Provided material =
----
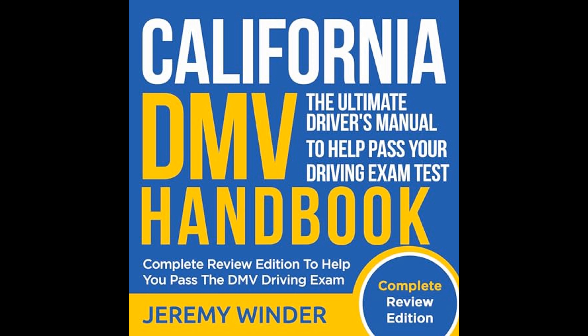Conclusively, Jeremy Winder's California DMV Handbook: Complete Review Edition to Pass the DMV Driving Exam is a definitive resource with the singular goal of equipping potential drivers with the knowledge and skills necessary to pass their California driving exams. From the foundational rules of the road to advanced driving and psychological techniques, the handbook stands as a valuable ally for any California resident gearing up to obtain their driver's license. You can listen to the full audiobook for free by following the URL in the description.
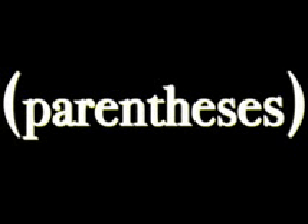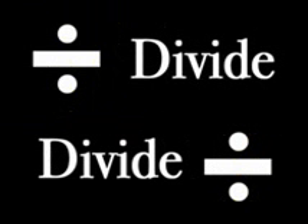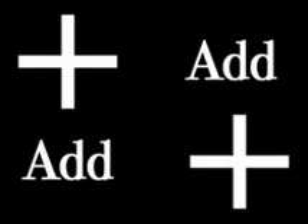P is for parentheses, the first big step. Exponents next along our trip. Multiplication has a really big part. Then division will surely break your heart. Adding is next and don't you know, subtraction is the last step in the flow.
----
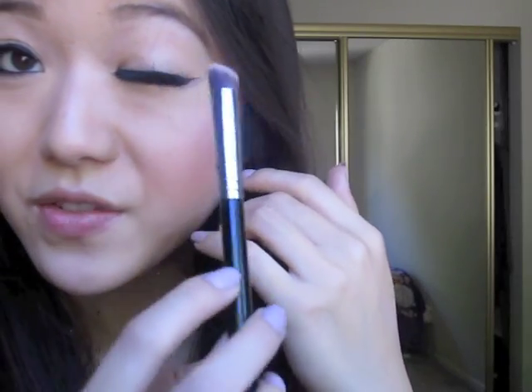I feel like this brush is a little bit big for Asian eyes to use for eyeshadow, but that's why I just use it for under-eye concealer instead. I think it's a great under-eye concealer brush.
----
Exercise instructions = In the listing above, find the line containing "Conclusively, Jeremy Winder's" and the line containing "P is for parentheses, the", then print exactly those two lines and every line between them, minus the pictures.

Result below =
Conclusively, Jeremy Winder's California DMV Handbook: Complete Review Edition to Pass the DMV Driving Exam is a definitive resource with the singular goal of equipping potential drivers with the knowledge and skills necessary to pass their California driving exams. From the foundational rules of the road to advanced driving and psychological techniques, the handbook stands as a valuable ally for any California resident gearing up to obtain their driver's license. You can listen to the full audiobook for free by following the URL in the description.
P is for parentheses, the first big step. Exponents next along our trip. Multiplication has a really big part. Then division will surely break your heart. Adding is next and don't you know, subtraction is the last step in the flow.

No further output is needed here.